EXERCISE DETAILS >> Transcribe, leaving out every picture, the lines that run from the start of the listing below through the line with "Original Cath Kidston".

INFORMATION SUPPLIED >>

________

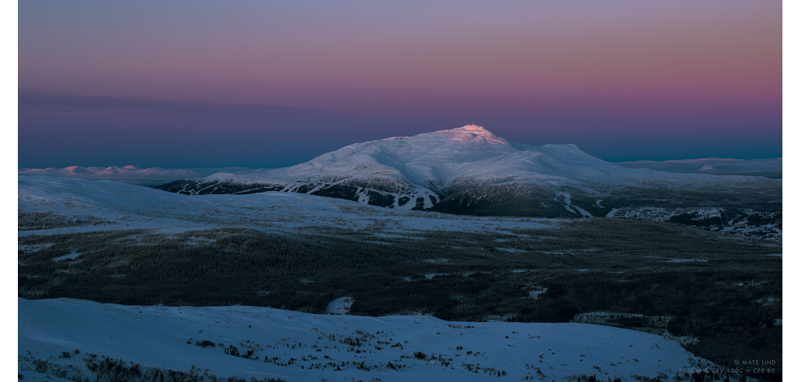 Hasselblad 907X 100C sample image landscape of frozen tundra lanscape with snow covered mountain with sunset pink sky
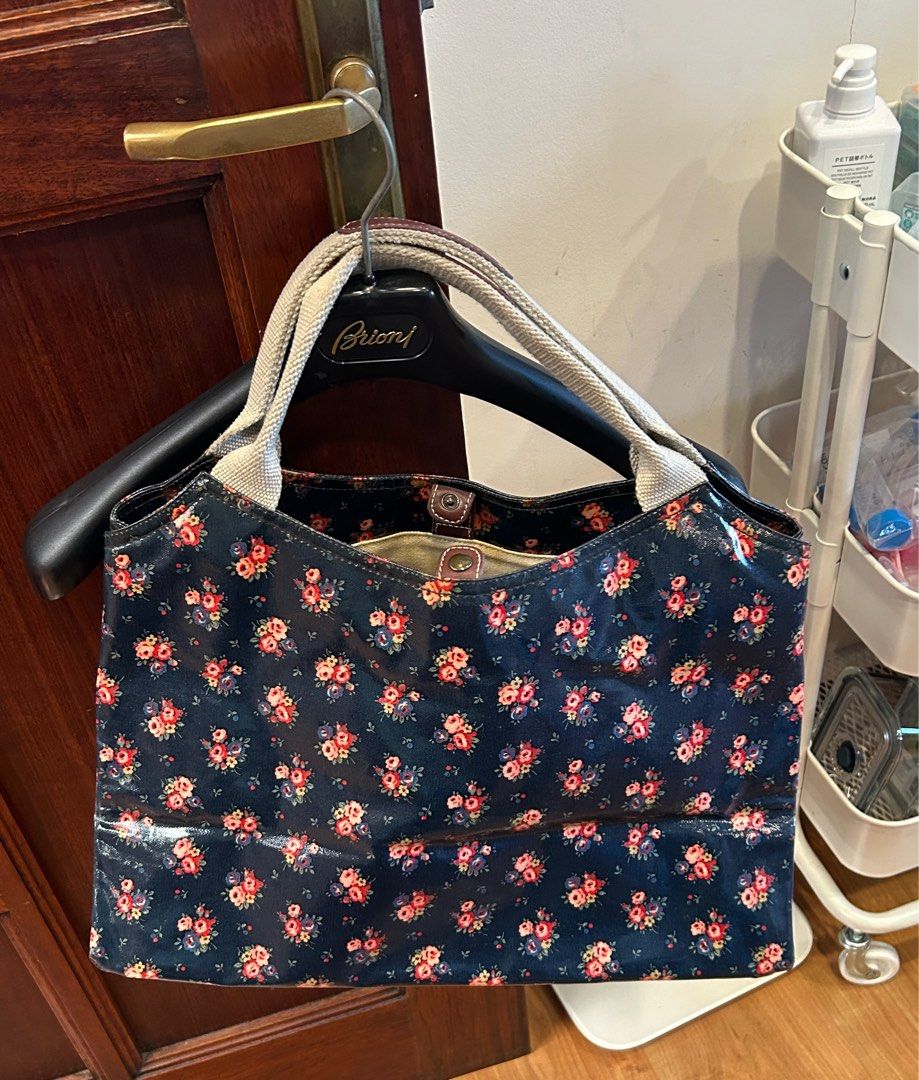 Original Cath Kidston Floral Handbag (Category: Tote Bags) located in Lubao. Submitted by iellahs (Listing ID 1414570448, Image 2). Description: - Cath Kidston floral handbag - Two front pockets - Secure zip closure - Interior zip pocket - Canvas lining - Cream-colored handles - Minor interior stains - Includes washing instruction tag -with stain inside but you can wash it.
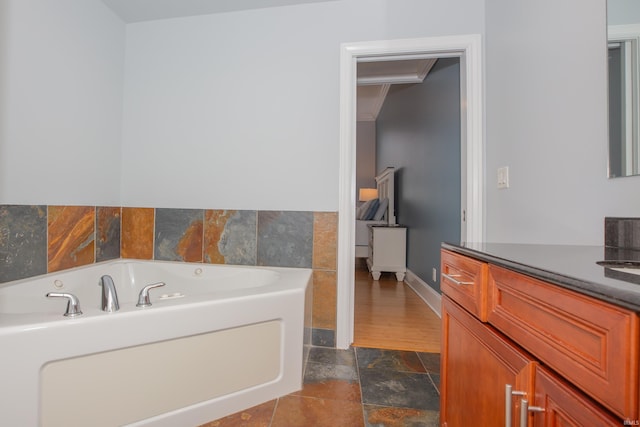 full bath featuring a garden tub, stone finish flooring, and vanity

________

RESULT OF THE EXERCISE >>
 Hasselblad 907X 100C sample image landscape of frozen tundra lanscape with snow covered mountain with sunset pink sky
 Original Cath Kidston Floral Handbag (Category: Tote Bags) located in Lubao. Submitted by iellahs (Listing ID 1414570448, Image 2). Description: - Cath Kidston floral handbag - Two front pockets - Secure zip closure - Interior zip pocket - Canvas lining - Cream-colored handles - Minor interior stains - Includes washing instruction tag -with stain inside but you can wash it.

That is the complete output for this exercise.